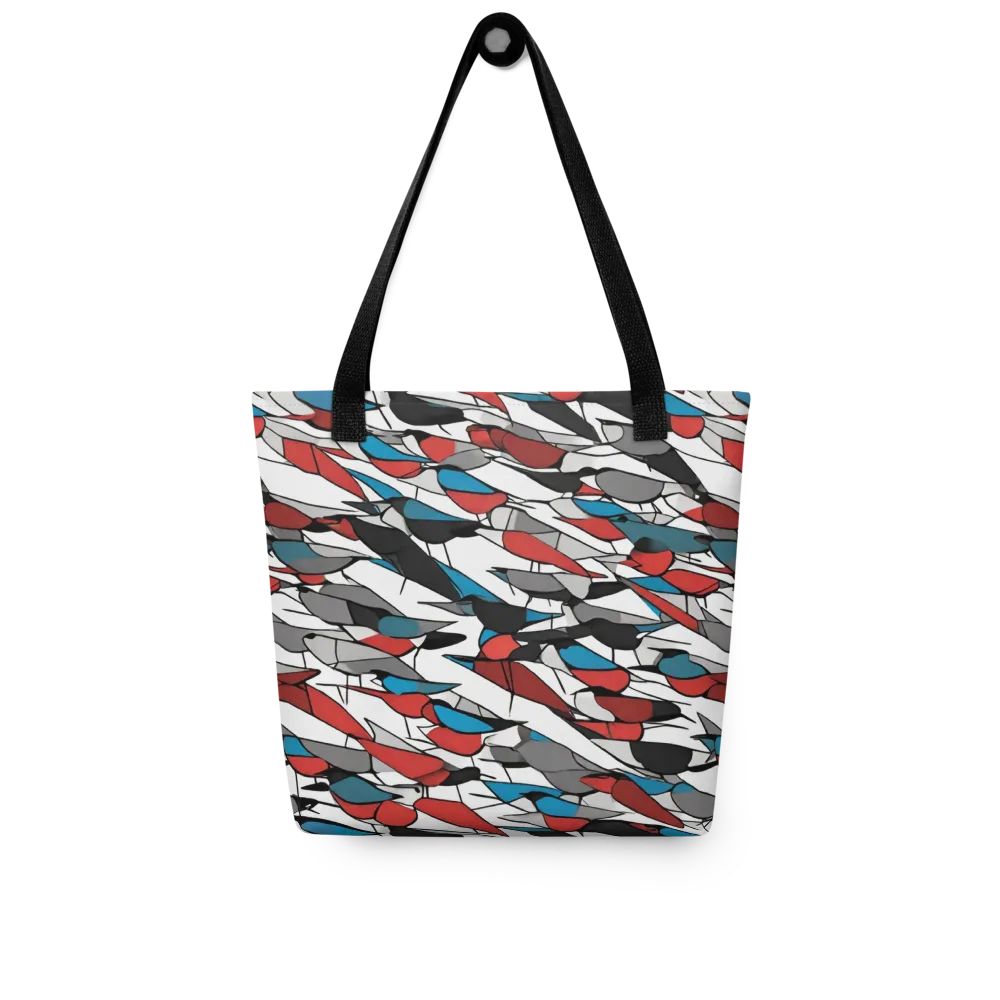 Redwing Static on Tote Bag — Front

---

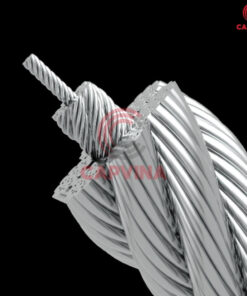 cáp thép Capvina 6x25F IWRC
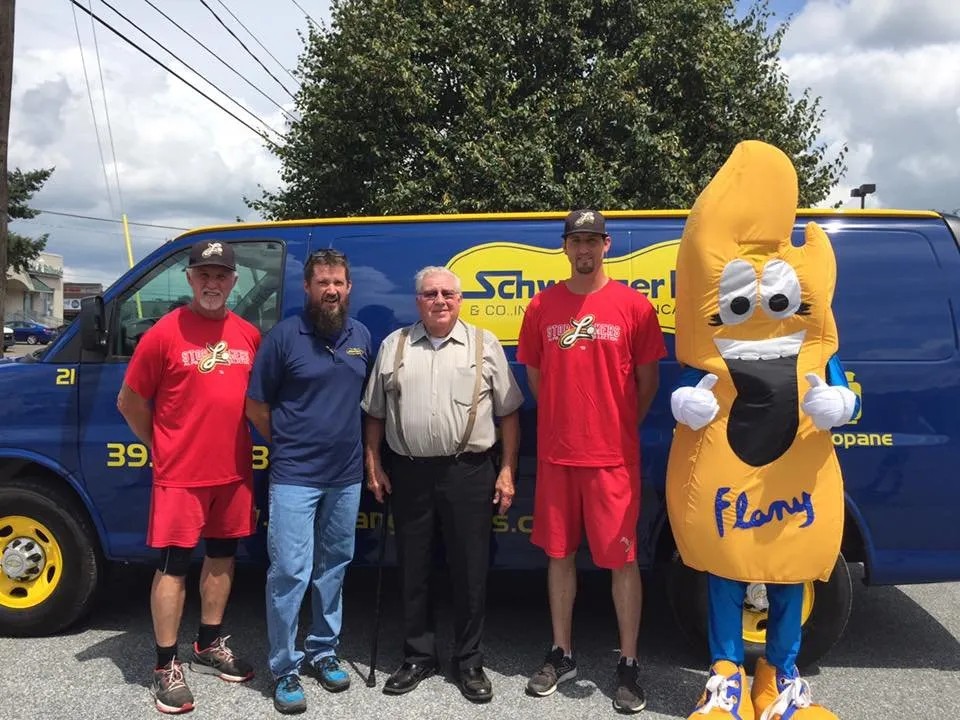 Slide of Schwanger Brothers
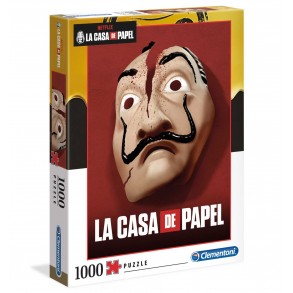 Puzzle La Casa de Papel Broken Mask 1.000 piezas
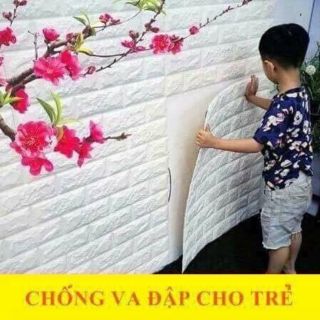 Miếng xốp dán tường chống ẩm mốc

▶ **WORK ITEM**
Within the listing above, the stretch from the line with "Puzzle La Casa" down to the line with "Miếng xốp dán tường chống ẩm mốc" is to be given again exactly, end lines included and pictures excluded.

▶ **RESPONSE FOR THIS EXERCISE**
 Puzzle La Casa de Papel Broken Mask 1.000 piezas
 Miếng xốp dán tường chống ẩm mốc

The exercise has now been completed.